The University of Wisconsin’s new Hamel Music Center is a cornerstone of the University’s east campus development plan. It showcases the university’s commitment to creating beautiful, usable spaces for all students.
The new world-class music center, which includes a concert hall, recital hall, and large rehearsal room, occupies one of the most publicly visible—and busiest—corners of the campus. The design and construction of the building had to accommodate the tight jobsite and busy intersection while delivering a soundproof design that could silence the traffic just outside the doors.
Those challenges led designers to a precast concrete design. They knew precast concrete had the versatility to create an aesthetically pleasing structure while addressing noise concerns. “The warmth of the precast concrete echoes the limestone of other historic and iconic campus buildings, while its material properties provide superior acoustic control and visual effect,” says Jacob Ziomek, senior architectural designer for Strang.
Folded facade evokes theater curtains
Precast concrete was used to create an acoustic shell to provide isolation from the noisy exterior.
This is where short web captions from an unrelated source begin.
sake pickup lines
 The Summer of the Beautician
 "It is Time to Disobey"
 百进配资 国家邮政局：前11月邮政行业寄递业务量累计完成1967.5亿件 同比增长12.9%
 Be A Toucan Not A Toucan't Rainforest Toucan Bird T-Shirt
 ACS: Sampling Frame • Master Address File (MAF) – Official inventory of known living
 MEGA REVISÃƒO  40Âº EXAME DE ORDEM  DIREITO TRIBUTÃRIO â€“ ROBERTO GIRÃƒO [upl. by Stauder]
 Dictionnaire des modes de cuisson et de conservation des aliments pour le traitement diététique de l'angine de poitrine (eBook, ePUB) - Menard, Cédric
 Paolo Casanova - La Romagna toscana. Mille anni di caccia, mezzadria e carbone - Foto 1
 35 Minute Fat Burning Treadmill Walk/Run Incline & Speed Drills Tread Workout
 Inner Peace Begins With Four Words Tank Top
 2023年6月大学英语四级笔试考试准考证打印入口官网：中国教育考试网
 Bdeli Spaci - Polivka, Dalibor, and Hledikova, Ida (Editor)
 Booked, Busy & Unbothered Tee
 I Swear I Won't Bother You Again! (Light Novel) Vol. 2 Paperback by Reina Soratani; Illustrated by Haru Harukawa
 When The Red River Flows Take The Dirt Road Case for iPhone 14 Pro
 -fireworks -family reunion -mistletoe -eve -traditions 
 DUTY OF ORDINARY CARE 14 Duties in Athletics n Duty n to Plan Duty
This was achieved by using a box-within-a-box concept for the recital hall and rehearsal space, where multiple layers of walls with 8-in.-thick precast panels form a shell for the primary exterior layer.
The panels were strategically shaped and sloped in different directions, leaning in or out by 2 degrees to further deflect sound. “The forming and erecting were a challenge with the 2-degree slope,” says Jim Miller, senior project manager for International Concrete Products.
To ease assembly, the supplier created a computer-aided design layout that provided the bottom profile and top corner points of each panel. This saved time by eliminating layout from the piece drawings. “The use of BIM [building information modeling] help solve many challenges,” Miller says.
This approach allowed the rehearsal hall to meet a noise criteria of NC 25, which is equivalent to a private office, and the recital hall to reach NC 15, which is equivalent to a recording studio—despite the constant buzz of people and vehicles.
On the exterior, a unique facade was created to embody Johann Wolfgang von Goethe’s quote, “Architecture is frozen music.” It features precast concrete panels folded into faceted forms to “resemble a stage curtain, with folds, texture, and shadows,” Ziomek says.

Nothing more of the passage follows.